Read KIND’s intern, Caroline Abramovici, on her journey through law school, her invaluable summer at KIND, and her unwavering commitment to social justice through immigration law.

I am entering my fourth year at Emory Law school this fall and I knew coming into law school that I wanted to be an immigration attorney. I’m originally from South Florida, and my mom is from Ecuador. Growing up I witnessed first-hand how confusing and frustrating the immigration system can be for non-citizens, especially when you don’t have someone to help guide you through it. Throughout law school I have interned and worked with a number of public interest organizations and fell in love with law as a tool for social justice.  

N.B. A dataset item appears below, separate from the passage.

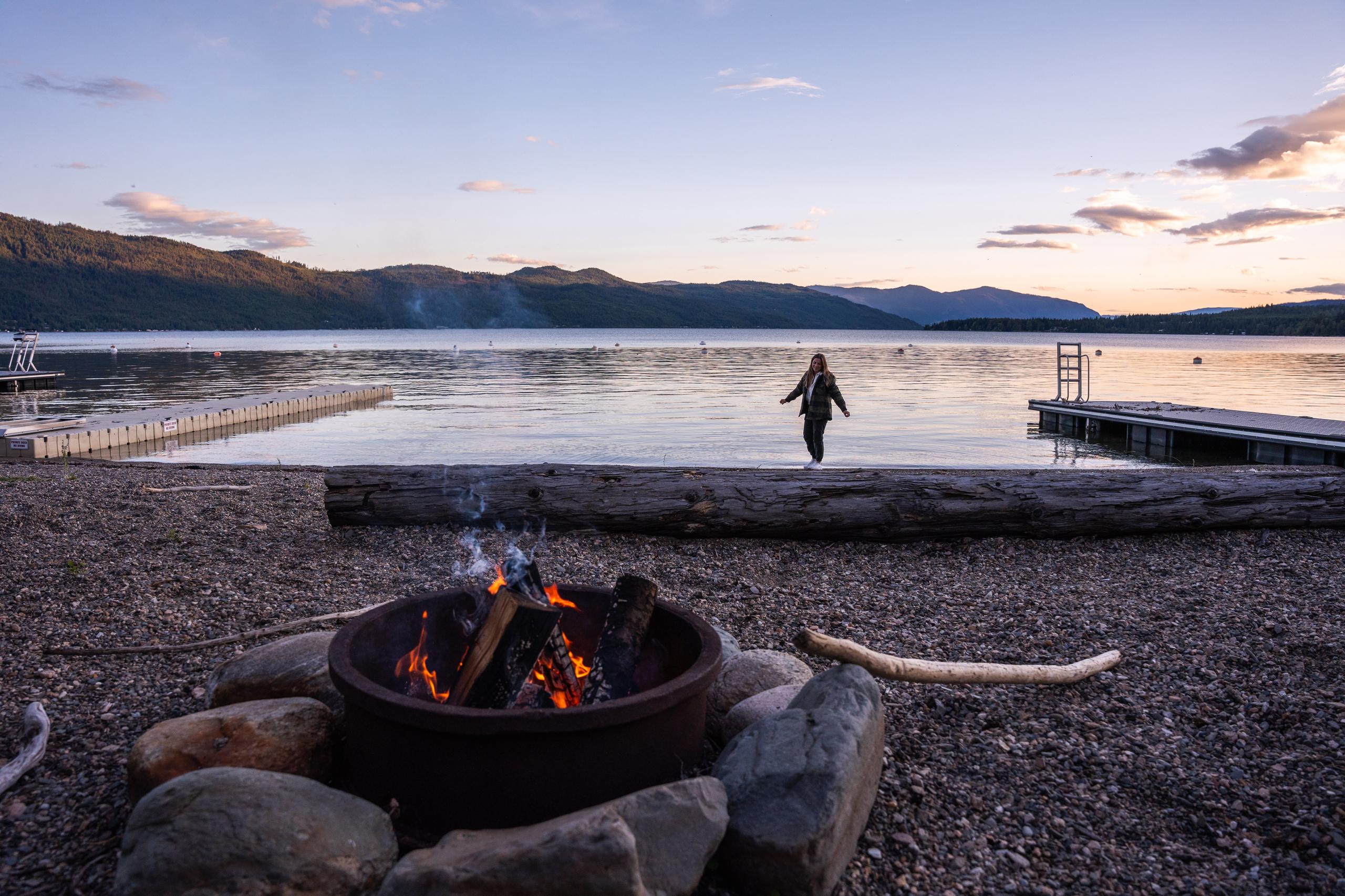 A fire ring burning on the pebble beach at sunset, with the swim dock and the lake stretching to the hills.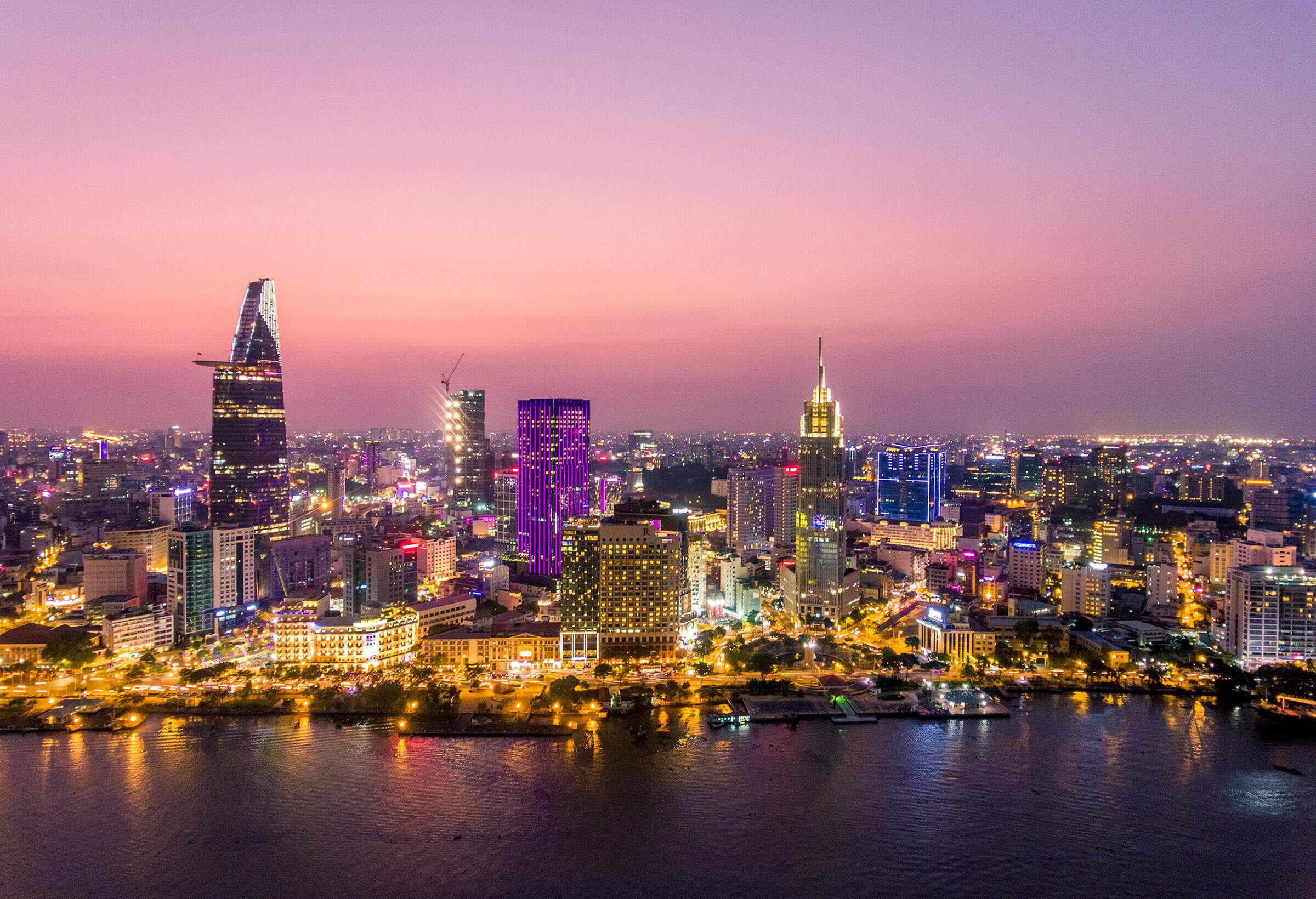 Compact buildings of a populous city sprawling on the vast valley, illuminated at night alongside the broad river.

I spent my summer at KIND gaining a better understanding of immigration law and the different forms of relief available to immigrants. Going to a law firm and watching KIND attorneys present to pro bono attorneys about the children we help and breaking down the relevant law to them was one way that I started to understand how to tackle a case. Immigration law, with all its acronyms and agencies, can be confusing. But the KIND attorneys who I shadowed broke down the process of common forms of immigration relief and the different players in a seamless way that was easy to understand. KIND attorneys present this complicated area of the law in a skillful, visual way that helps the information be manageable.  

My favorite assignments this summer involved talking to clients and getting to know them better. When conducting a client intake, I asked children about their lives in their home countries and what they hope for their futures. These are personal questions that sometimes involve clients sharing traumatic or upsetting situations. Creating a rapport with them and ensuring the clients are comfortable was important to me and something that KIND attorneys modeled. I loved starting an intake with a child who was shy and quiet, and witnessing how they became more comfortable as we talked and got to know one another better. I underestimated how hard it could be to get a child to open up and speak about their experience, but the paralegals and attorneys at KIND taught me how to help a child feel at ease when speaking about uncomfortable situations. Using toys and telling children they can take breaks if the topic of discussion is overwhelming are great ways to allow a child to feel more comfortable.  

The immigration system can be daunting, especially for people who don’t speak English. For young children it’s even more confusing to understand the complexities of their immigration cases. KIND’s work is essential because we help the most vulnerable population: children who are alone. There are already enough barriers present in immigration court; not having legal representation because of financial struggles should not be one of them. I’m grateful for KIND’s effort to ensure that as many kids as possible have access to quality legal representation in immigration court.